Sunday, June 30, 2013

Steak 101

Unless you are Steven Raichlen of Primal Grill©, or are a line cook at a steak house, you have probably felt a little intimidated when it comes time to cook steak. I used to be quite intimidated myself, there seemed to be so much guesswork involved. How are you supposed to know when its done? What temperature is safe? What is the correct way to cut it? When to do you cut it? There seemed to be more questions then answers. Attending culinary school and working at the local cooking school has given me insight and practice into how to properly prepare steak. And I will share what I have learned with you.

Cooking Steak

It is important to let your steak come to room temperature before you cook it. This allows the meat to cook evenly and give a better browning or sear. If it is not room temperature, some possible results may include: cold center, tough outer edge and no browning. Just take out the meat about 20 minutes before cooking it and longer if it is a larger cut.

Depending on how rare or well done you want your steak changes the cooking time. A recipe may tell you to cook a number of minutes per side, but the truth is that every piece of meat is different and each will have a different cooking time. So time is not a reliable indication of how well done your meat is. Temperature is the single most important factor used to determine how well done your steak will turn out. Table 1 below show the desired finish and the associated temperatures. The reason you cook it to the temperatures listed is that once you remove the meat from the heat source, its internal temperature will continue to rise an additional 5-10 degrees depending on the size of your cut. This is called carry over cooking. Carry over cooking happens because there is so much contained energy stored in the piece of meat. After it has been removed from the heat source, heat will continue to be released resulting in additional cooking. This happens with all types of meats and cuts. The bigger the cut, the more carry over cooking will occur.

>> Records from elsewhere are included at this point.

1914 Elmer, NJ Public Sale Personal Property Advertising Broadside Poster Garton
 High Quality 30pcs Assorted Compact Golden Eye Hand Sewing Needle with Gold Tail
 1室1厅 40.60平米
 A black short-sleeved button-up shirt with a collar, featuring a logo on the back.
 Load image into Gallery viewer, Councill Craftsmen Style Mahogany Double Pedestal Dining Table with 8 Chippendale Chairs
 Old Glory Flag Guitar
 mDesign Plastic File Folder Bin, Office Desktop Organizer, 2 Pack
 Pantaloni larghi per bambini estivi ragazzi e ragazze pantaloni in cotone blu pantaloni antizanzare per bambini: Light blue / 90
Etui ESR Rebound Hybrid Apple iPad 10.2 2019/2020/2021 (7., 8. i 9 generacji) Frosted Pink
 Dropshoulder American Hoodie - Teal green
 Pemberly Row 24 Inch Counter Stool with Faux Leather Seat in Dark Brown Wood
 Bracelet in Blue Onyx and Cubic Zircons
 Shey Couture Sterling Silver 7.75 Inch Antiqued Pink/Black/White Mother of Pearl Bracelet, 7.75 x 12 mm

Table 1: Finish Temperatures
Desired Finish Internal Temp Final Temp
Rare 115-120 °F 120-125 °F
Medium Rare 125-130 °F 130-135 °F
Medium 130-135 °F 135-140 °F
Medium Well 140-145 °F 145-150 °F
Well 150-155 °F 155-160 °F

Once removed from the heat, it is important to let your steak rest before cutting. This allows all the juices to redistribute throughout your steak. If you cut directly into to the steak without a rest period, all the juices will run out, leaving you with a dry, tasteless piece of meat. No one wants to ruin an expensive cut of meat, so wait at least 10 minutes. Again, if the cut is bigger you may want to wait 20-30 minutes. It is well worth it.

Another trick to help determine if your steak is cooked to the desired finish is to use a trick with your hand. Using the inside palm of your hand beneath the thumb, outlined in red below, the firmness at that point is roughly equivalent to your steak desired finish. As you touch your thumb to different fingers the firmness changes. The images below depict the hand position given a specific finish.

Position 1: Rare, 2: Medium Rare, 3: Medium, 4: Medium Well, 5: Well

Cutting Steak

Now that you know how to properly cook and rest your steak. The next important tip to remember is how to properly cut your steak. With any steak you want to cut slices against the grain. This creates a tender slice of meat. If you cut with the grain, it will be very chewy and possibly less enjoyable. By cutting against the grain, the meat remains much softer and will give easier when you chew it. Much like the grain in a piece of wood, pay attention to the direction of the meat fibers.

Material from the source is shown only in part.